I missed it. I copied the code from another patch which didn't contain
the two locking statements and when I copied them back it became a
copy-paste bug.


> 3) even with this deadlock fixed, Rafael states that either NM or
> wpa_supplicant (I don't recall from top of my head) still don't work

That's bad. Does my suggestion solve the problem? Again:

- if (modified)
- netdev_state_change(dev);
+ if (modified && dev->flags & IFF_UP)
+ call_netdevice_notifiers(NETDEV_CHANGE, dev)

Regards,
Attila

2008-02-18 16:42:39

by Rafael J. Wysocki

[permalink] [raw]
Subject: Re: My system stops during startup with curretn git tree of 2.6.25-rc2

On Monday, 18 of February 2008, Laszlo Attila Toth wrote:
> Jiri Kosina wrote:
> > On Mon, 18 Feb 2008, Laszlo Attila Toth wrote:
> >
> >> Okay, but I can't figure out what's the problem with it. I don't have
> >> wireless card on my linux box also I can't test it but everything else
> >> works. Swap is mounted. The concurrency cannot be a problem because the
> >> write operation is protected by a lock.
> >
> > - write_lock_bh(&dev_base_lock);
> > - dev->link_mode = nla_get_u8(tb[IFLA_LINKMODE]);
> > - write_unlock_bh(&dev_base_lock);
> > + if (dev->link_mode != nla_get_u8(tb[IFLA_LINKMODE])) {
> > + write_lock_bh(&dev_base_lock);
> > + dev->link_mode = nla_get_u8(tb[IFLA_LINKMODE]);
> > + write_lock_bh(&dev_base_lock);
> > + modified = 1;
> > + }
> > }
> >
> > 1) you are accessing dev->link_mode and tb[] outside the dev_base_lock
>
> yes, because tb[IFLA_LINKMODE] is not used by someone else in this case
> only dev->link_mode. Although its value is unpredictable in case of a
> concurrent access in the condition, it does not affect the final value
> of dev->link_mode but the length of the critical section remains
> minimal. The if statement may be inside the lock.
>
> > 2) there is obvious and immediate deadlock -- you acquire the
> > dev_base_lock twice, without any unlock, just look at the chunk above
>
> Indeed:
> "Feb 16 16:51:49 sandman kernel: BUG: rwlock recursion on CPU#0,"
>
> I missed it. I copied the code from another patch which didn't contain
> the two locking statements and when I copied them back it became a
> copy-paste bug.
>
>
> > 3) even with this deadlock fixed, Rafael states that either NM or
> > wpa_supplicant (I don't recall from top of my head) still don't work
>
> That's bad. Does my suggestion solve the problem? Again:
>
> - if (modified)
> - netdev_state_change(dev);
> + if (modified && dev->flags & IFF_UP)
> + call_netdevice_notifiers(NETDEV_CHANGE, dev)

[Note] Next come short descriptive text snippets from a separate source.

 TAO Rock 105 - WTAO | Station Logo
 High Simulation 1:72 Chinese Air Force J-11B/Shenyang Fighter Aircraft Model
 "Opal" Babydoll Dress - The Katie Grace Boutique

All in all, I gather you wanted me to test the patch below. :-)

Yes, that helps.

Thanks,
Rafael

---
Fix net/core/rtnetlink.c breakage caused by commit
45b503548210fe6f23e92b856421c2a3f05fd034
"[RTNETLINK]: Send a single notification on device state changes."

Signed-off-by: Rafael J. Wysocki <[email protected]>
---
net/core/rtnetlink.c | 6 +++---
1 file changed, 3 insertions(+), 3 deletions(-)

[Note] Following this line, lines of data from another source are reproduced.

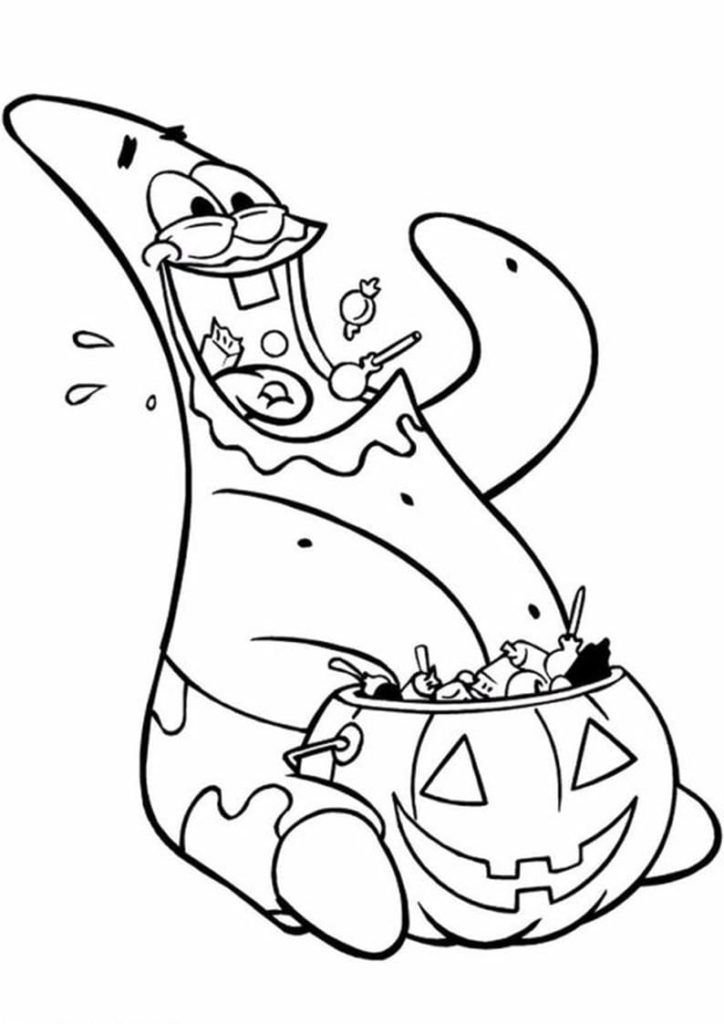 Patrick halloween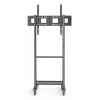 Techly ICA-TR74 TV-Wandhalterung/Standfuß 2,29 m (90 Zoll) Schwarz
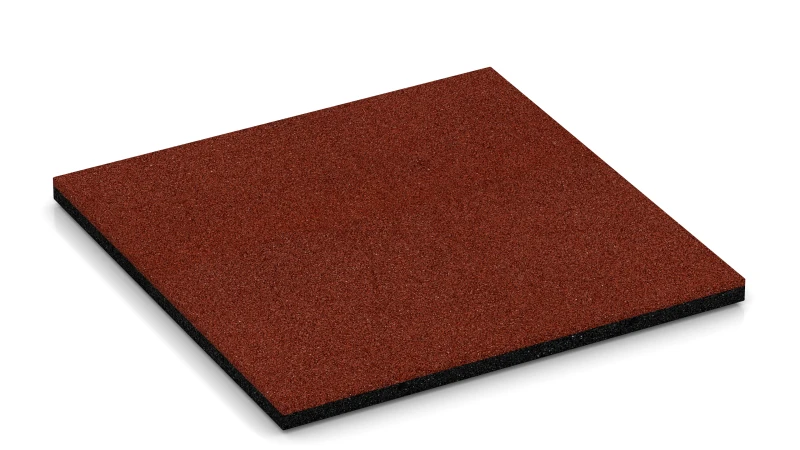 Brick red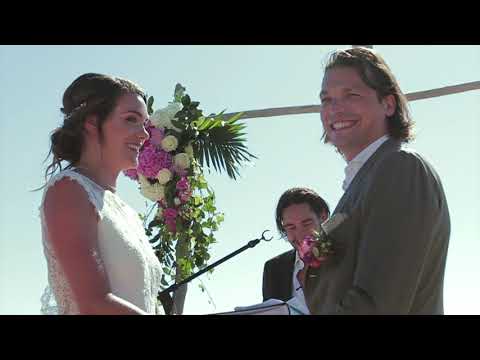 Ella & Victor  -  Formentera Dream Wedding by The Travelling Wedding Planner (short version)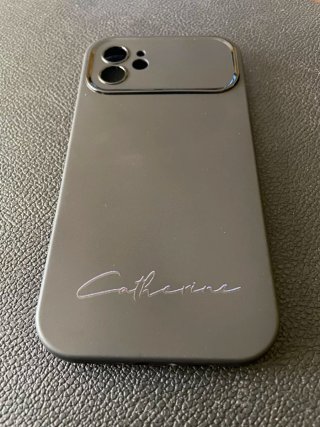 Funda iPhone 12  Negra
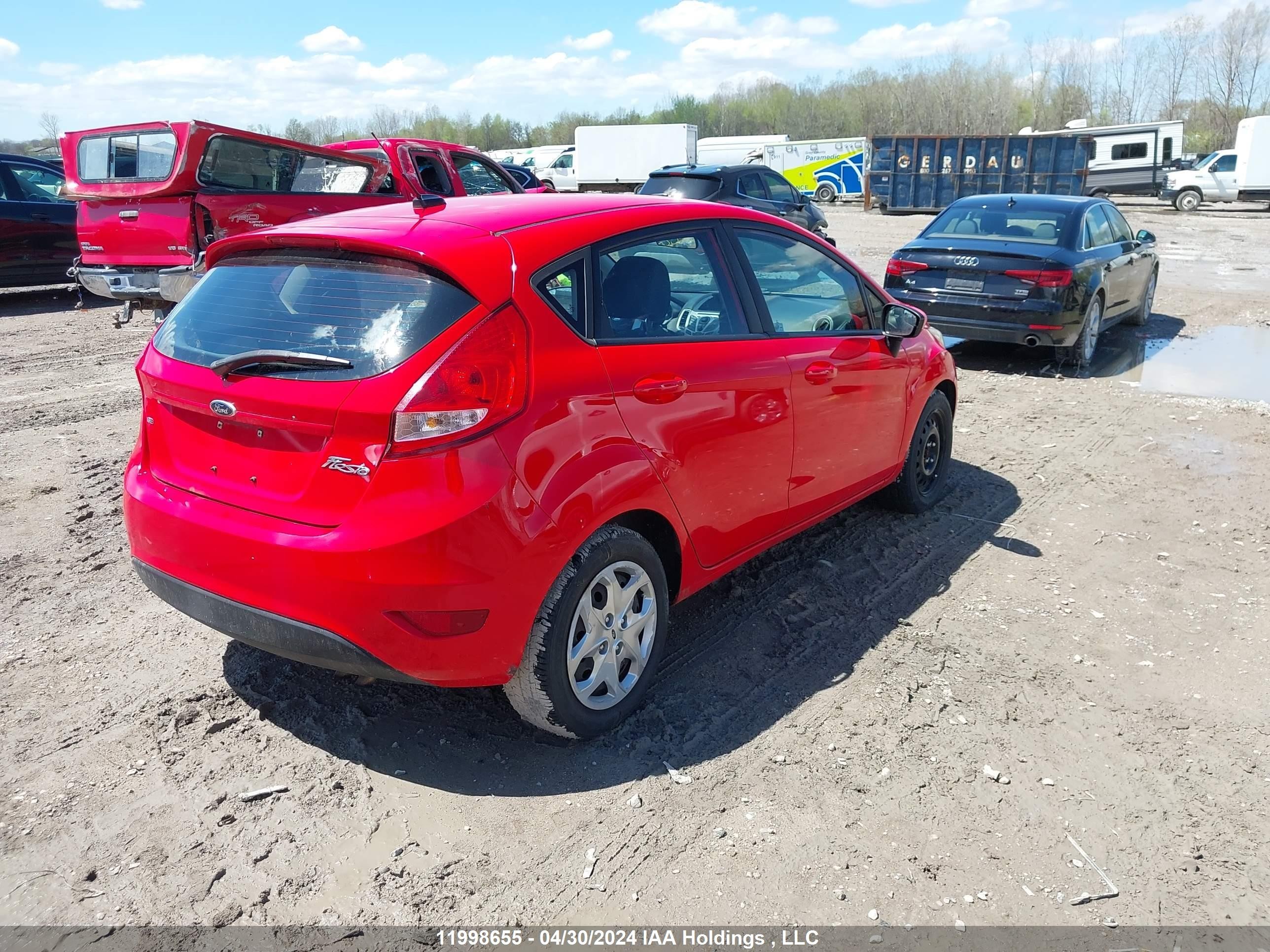 Photo 3 VIN: 3FADP4EJ8DM130297 - FORD FIESTA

Index: linux-2.6/net/core/rtnetlink.c
===================================================================
--- linux-2.6.orig/net/core/rtnetlink.c
+++ linux-2.6/net/core/rtnetlink.c
@@ -853,7 +853,7 @@ static int do_setlink(struct net_device
if (dev->link_mode != nla_get_u8(tb[IFLA_LINKMODE])) {
write_lock_bh(&dev_base_lock);
dev->link_mode = nla_get_u8(tb[IFLA_LINKMODE]);
- write_lock_bh(&dev_base_lock);
+ write_unlock_bh(&dev_base_lock);
modified = 1;
}
}
@@ -870,8 +870,8 @@ errout:
if (send_addr_notify)
call_netdevice_notifiers(NETDEV_CHANGEADDR, dev);

- if (modified)
- netdev_state_change(dev);
+ if (modified && dev->flags & IFF_UP)
+ call_netdevice_notifiers(NETDEV_CHANGE, dev);

return err;
}

2008-02-18 17:03:58

by Laszlo Attila Toth

[permalink] [raw]
Subject: Re: My system stops during startup with curretn git tree of 2.6.25-rc2

Hello,

Rafael J. Wysocki wrote:
> On Monday, 18 of February 2008, Laszlo Attila Toth wrote:
>
>
> All in all, I gather you wanted me to test the patch below. :-)
>
> Yes, that helps.

Thanks for the testing. Dave already reverted the patch, also I don't
know I should resend it or leave it as is.

Regards,
Attila

> Thanks,
> Rafael
>
> ---
> Fix net/core/rtnetlink.c breakage caused by commit
> 45b503548210fe6f23e92b856421c2a3f05fd034
> "[RTNETLINK]: Send a single notification on device state changes."
>
> Signed-off-by: Rafael J. Wysocki <[email protected]>
> ---
> net/core/rtnetlink.c | 6 +++---
> 1 file changed, 3 insertions(+), 3 deletions(-)
>
> Index: linux-2.6/net/core/rtnetlink.c
> ===================================================================
> --- linux-2.6.orig/net/core/rtnetlink.c
> +++ linux-2.6/net/core/rtnetlink.c
> @@ -853,7 +853,7 @@ static int do_setlink(struct net_device
> if (dev->link_mode != nla_get_u8(tb[IFLA_LINKMODE])) {
> write_lock_bh(&dev_base_lock);
> dev->link_mode = nla_get_u8(tb[IFLA_LINKMODE]);
> - write_lock_bh(&dev_base_lock);
> + write_unlock_bh(&dev_base_lock);
> modified = 1;
> }
> }
> @@ -870,8 +870,8 @@ errout:
> if (send_addr_notify)
> call_netdevice_notifiers(NETDEV_CHANGEADDR, dev);
>
> - if (modified)
> - netdev_state_change(dev);
> + if (modified && dev->flags & IFF_UP)
> + call_netdevice_notifiers(NETDEV_CHANGE, dev);
>
> return err;
> }
>

2008-02-18 17:08:05

by Rafael J. Wysocki

[permalink] [raw]
Subject: Re: My system stops during startup with curretn git tree of 2.6.25-rc2

On Monday, 18 of February 2008, Laszlo Attila Toth wrote:
> Hello,
>
> Rafael J. Wysocki wrote:
> > On Monday, 18 of February 2008, Laszlo Attila Toth wrote:
> >
> >
> > All in all, I gather you wanted me to test the patch below. :-)
> >
> > Yes, that helps.
>
> Thanks for the testing. Dave already reverted the patch, also I don't
> know I should resend it or leave it as is.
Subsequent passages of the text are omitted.